Take the lines below from the one with "Sierra-Ingleteadora-10-1800-W-Wesco-221568_2" through the one with "All Purpose Bareback Pad W28135" and print only them, exactly. Don't print the pictures.

--- Records for the exercise Enclosed Below ---

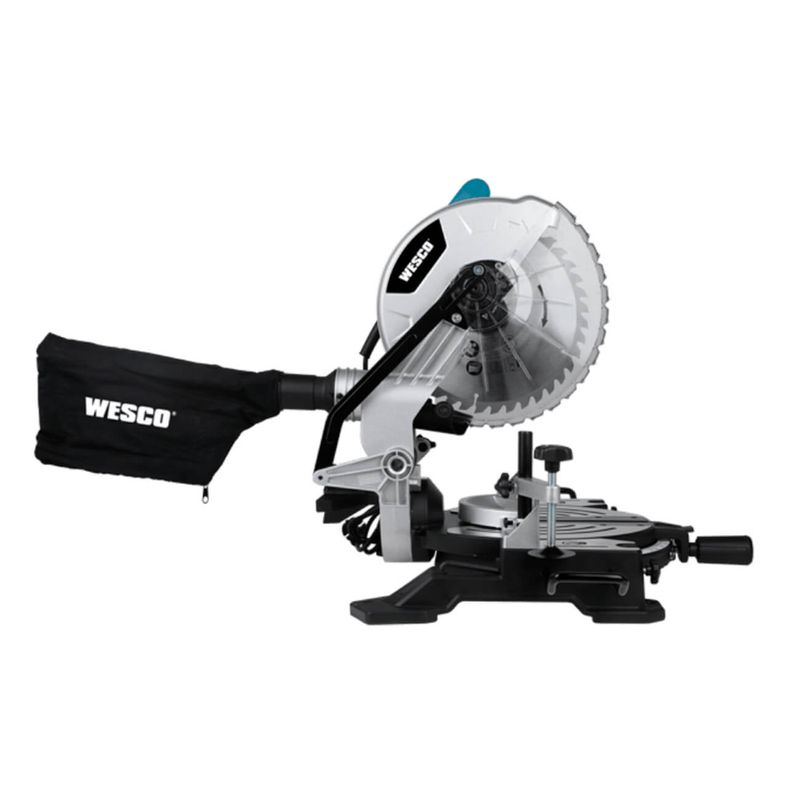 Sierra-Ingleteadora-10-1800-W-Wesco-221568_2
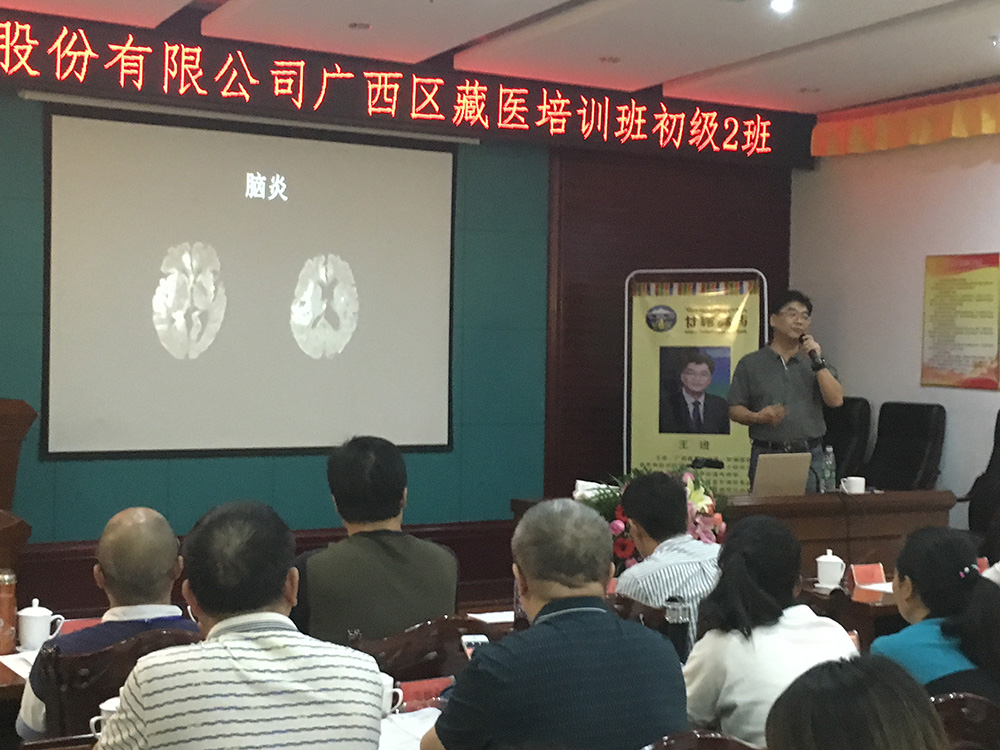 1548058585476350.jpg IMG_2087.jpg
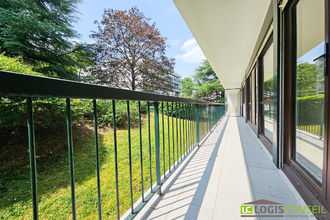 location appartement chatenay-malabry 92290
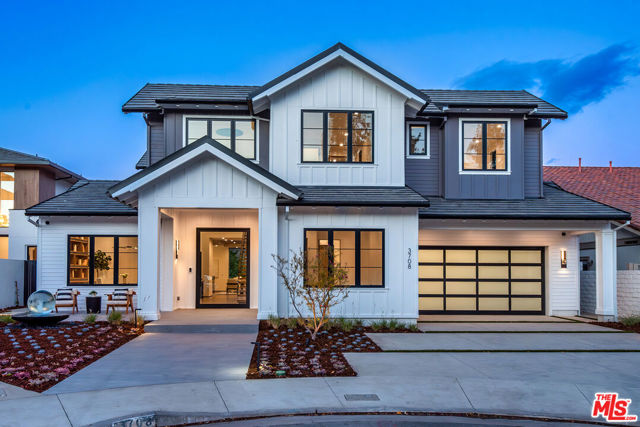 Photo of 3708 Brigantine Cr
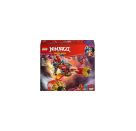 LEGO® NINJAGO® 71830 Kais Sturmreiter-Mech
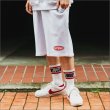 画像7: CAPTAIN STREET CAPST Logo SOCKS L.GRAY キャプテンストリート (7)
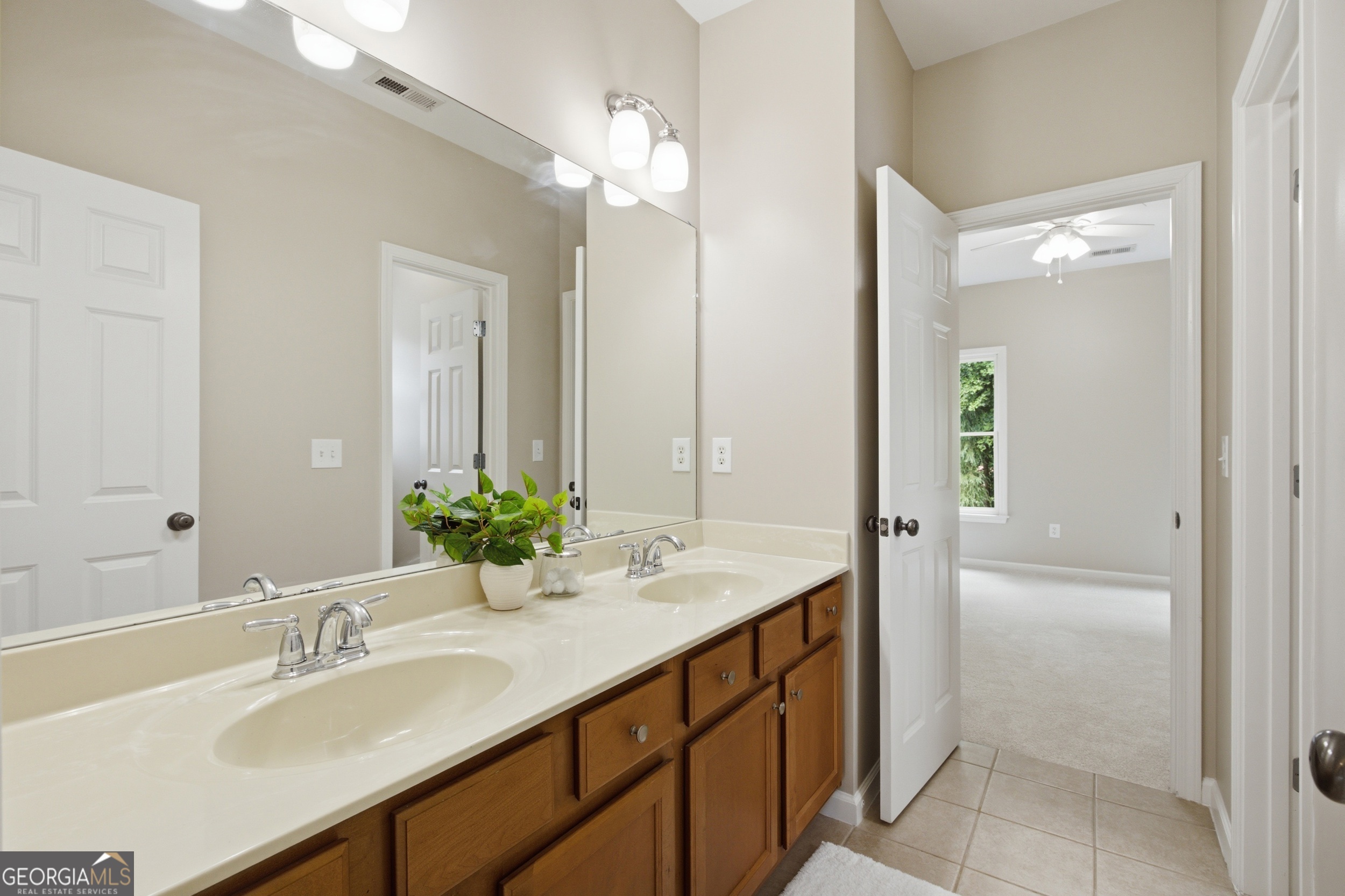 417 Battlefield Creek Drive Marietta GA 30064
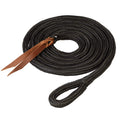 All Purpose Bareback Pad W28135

--- End of Enclosed Records for the exercise ---
--- Records for the exercise Enclosed Below ---

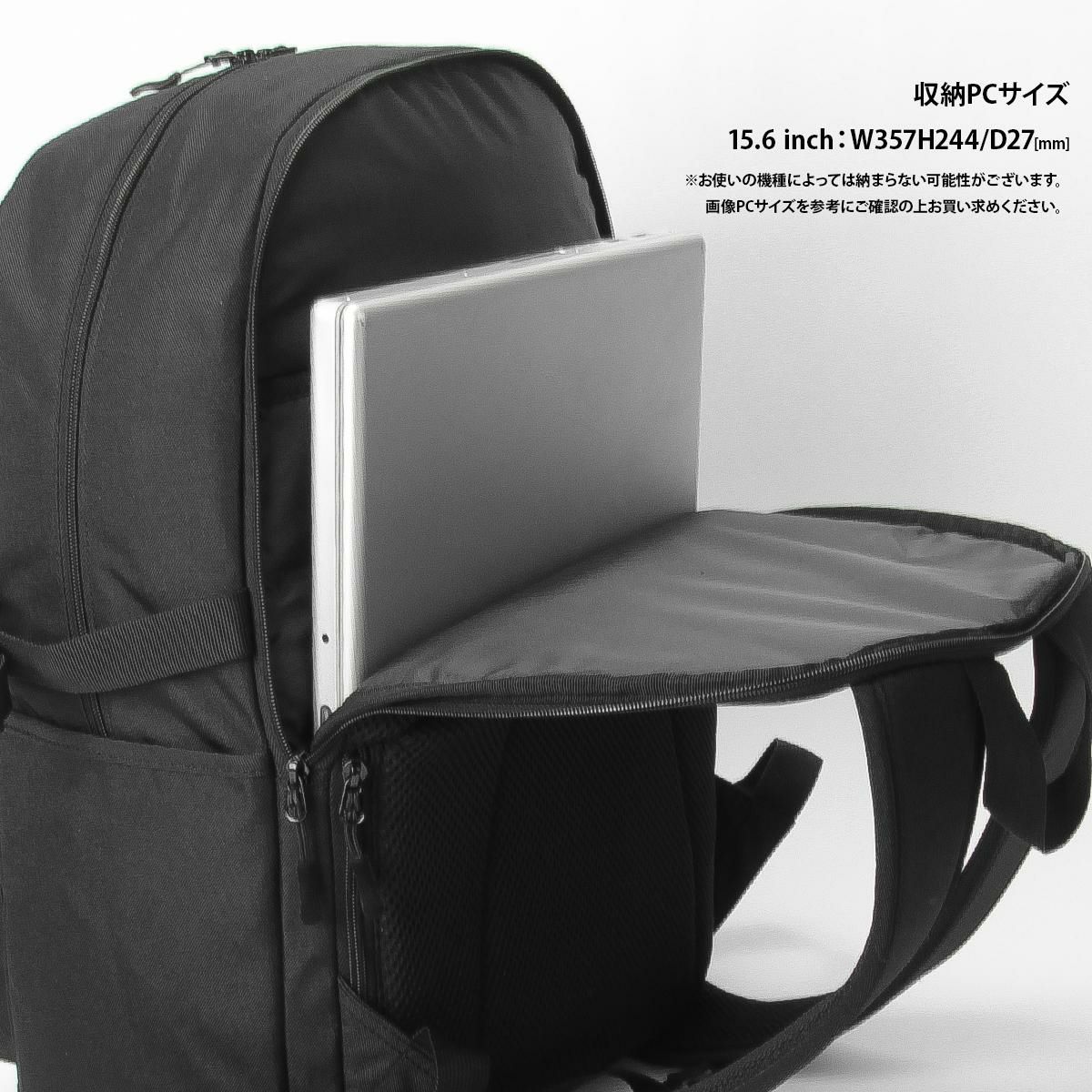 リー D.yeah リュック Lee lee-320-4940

--- End of Enclosed Records for the exercise ---

Answer for the task
 Sierra-Ingleteadora-10-1800-W-Wesco-221568_2
 1548058585476350.jpg IMG_2087.jpg
 location appartement chatenay-malabry 92290
 Photo of 3708 Brigantine Cr
 LEGO® NINJAGO® 71830 Kais Sturmreiter-Mech
 画像7: CAPTAIN STREET CAPST Logo SOCKS L.GRAY キャプテンストリート (7)
 417 Battlefield Creek Drive Marietta GA 30064
 All Purpose Bareback Pad W28135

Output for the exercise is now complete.